Tuesday, December 7, 2010

The Eyes Have It


This is one of the oddest oddball images in the history of American folk art, but it is an offshoot of a portrait tradition that is very common. Ammi Phillips, the artist, was one of the most prolific painters of his generation. He was born in Connecticut in 1788, and by 1811 he was establishing himself as a portrait painter in eastern New York State. Phillips had a penchant for finding newly prosperous middle-class entrepreneurs, those who came to the then-wilds of New York after the Revolutionary War to start settlements and take advantage of the plentitude of timber and water power. Over the course of his fifty-year painting career, Phillips would create likenesses of this generation as well as that of their children and grandchildren who had more genteel pursuits. He died in 1865.
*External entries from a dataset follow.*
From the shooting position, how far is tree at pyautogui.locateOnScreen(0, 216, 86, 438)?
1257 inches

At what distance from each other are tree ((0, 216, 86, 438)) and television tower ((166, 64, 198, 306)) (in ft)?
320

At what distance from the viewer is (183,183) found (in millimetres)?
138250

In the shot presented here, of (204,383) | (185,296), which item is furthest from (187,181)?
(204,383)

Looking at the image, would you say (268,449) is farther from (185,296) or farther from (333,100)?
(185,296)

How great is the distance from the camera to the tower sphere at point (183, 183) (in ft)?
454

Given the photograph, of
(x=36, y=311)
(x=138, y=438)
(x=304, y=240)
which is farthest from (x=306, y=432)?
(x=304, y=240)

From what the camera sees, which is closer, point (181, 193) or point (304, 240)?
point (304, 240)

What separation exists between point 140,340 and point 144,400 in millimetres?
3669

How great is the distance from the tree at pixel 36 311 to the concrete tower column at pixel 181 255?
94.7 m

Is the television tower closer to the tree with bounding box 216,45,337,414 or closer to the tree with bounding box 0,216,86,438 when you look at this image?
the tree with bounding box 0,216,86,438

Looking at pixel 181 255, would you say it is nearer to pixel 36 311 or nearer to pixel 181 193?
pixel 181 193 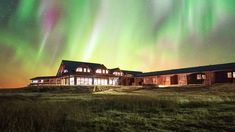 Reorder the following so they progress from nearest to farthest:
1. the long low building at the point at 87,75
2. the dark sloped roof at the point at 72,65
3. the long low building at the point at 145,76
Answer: the long low building at the point at 145,76 < the long low building at the point at 87,75 < the dark sloped roof at the point at 72,65

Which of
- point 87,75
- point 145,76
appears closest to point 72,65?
point 87,75

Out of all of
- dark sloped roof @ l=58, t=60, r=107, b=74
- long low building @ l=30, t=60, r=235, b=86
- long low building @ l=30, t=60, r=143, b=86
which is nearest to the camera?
long low building @ l=30, t=60, r=235, b=86

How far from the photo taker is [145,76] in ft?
267

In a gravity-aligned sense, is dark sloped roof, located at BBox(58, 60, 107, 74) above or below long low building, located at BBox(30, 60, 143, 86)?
above

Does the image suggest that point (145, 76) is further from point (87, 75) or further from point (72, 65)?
point (72, 65)

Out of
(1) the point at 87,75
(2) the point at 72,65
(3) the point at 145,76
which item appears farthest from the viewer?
(3) the point at 145,76

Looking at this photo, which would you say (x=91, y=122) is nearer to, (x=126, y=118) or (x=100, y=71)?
(x=126, y=118)

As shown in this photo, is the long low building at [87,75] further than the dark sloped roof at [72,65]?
No

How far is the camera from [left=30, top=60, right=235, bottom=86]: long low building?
60.5 metres

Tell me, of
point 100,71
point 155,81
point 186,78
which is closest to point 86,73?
point 100,71

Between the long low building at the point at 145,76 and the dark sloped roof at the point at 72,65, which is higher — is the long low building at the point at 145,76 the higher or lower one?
the lower one

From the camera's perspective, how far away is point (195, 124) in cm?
1227

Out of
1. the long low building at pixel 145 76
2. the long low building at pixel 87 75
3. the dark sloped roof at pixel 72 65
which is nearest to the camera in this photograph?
the long low building at pixel 145 76

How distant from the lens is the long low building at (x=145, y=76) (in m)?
60.5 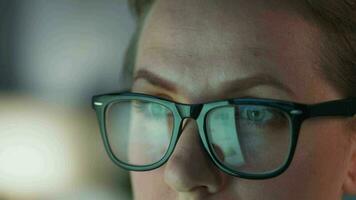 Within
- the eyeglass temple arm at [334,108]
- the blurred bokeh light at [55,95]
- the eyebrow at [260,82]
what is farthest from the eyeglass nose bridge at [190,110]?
the blurred bokeh light at [55,95]

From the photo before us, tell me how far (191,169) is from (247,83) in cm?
24

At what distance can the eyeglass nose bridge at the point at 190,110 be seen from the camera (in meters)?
1.47

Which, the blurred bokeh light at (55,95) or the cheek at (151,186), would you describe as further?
the blurred bokeh light at (55,95)

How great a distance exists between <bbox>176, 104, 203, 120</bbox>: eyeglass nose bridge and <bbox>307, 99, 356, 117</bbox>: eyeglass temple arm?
0.80ft

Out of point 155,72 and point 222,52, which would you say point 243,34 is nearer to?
point 222,52

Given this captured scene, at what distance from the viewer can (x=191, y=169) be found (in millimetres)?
1430

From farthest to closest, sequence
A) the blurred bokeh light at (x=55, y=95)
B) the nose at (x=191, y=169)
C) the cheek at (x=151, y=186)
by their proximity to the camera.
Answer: the blurred bokeh light at (x=55, y=95)
the cheek at (x=151, y=186)
the nose at (x=191, y=169)

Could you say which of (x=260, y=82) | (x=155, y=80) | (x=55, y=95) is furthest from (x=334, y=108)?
(x=55, y=95)

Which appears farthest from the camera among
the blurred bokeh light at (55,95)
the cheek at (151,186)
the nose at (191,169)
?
the blurred bokeh light at (55,95)

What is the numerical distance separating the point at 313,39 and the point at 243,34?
164 mm

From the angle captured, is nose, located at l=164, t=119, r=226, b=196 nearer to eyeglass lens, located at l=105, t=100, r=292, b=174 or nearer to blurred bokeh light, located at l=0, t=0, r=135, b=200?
eyeglass lens, located at l=105, t=100, r=292, b=174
Here is a Phillips portrait of a mother and child that we have in the Fenimore Art Museum collection. You can see why he was so popular. These paintings are simple and elegant, with solid colors and graceful lines. We think this portrait was painted sometime in the 1820s.


The portrait of the physician (in a private collection) is also from this period, but it is in a class by itself for what it shows. Of course, Phillips' patrons were justly proud of their accomplishments, and often had him include references to the source of their prosperity in their portraits. In this case, a simple book just wouldn't do. The good doctor here had to have his portrait painted in the act of a surgical procedure, in this case a surgery to repair a cataract. Honestly, I didn't even know that this type of surgery was performed in the 1820s, but here it is.


If you want to know more, you should be aware of the article "Folk Art Portraiture of Early American Surgeons," by Ira M. Rutkow, MD, published in Archives of Surgery in July 1999, available here by subscription to the journal. Otherwise, just enjoy this unusual painted document of 19th-century medicine and be glad you were born much later.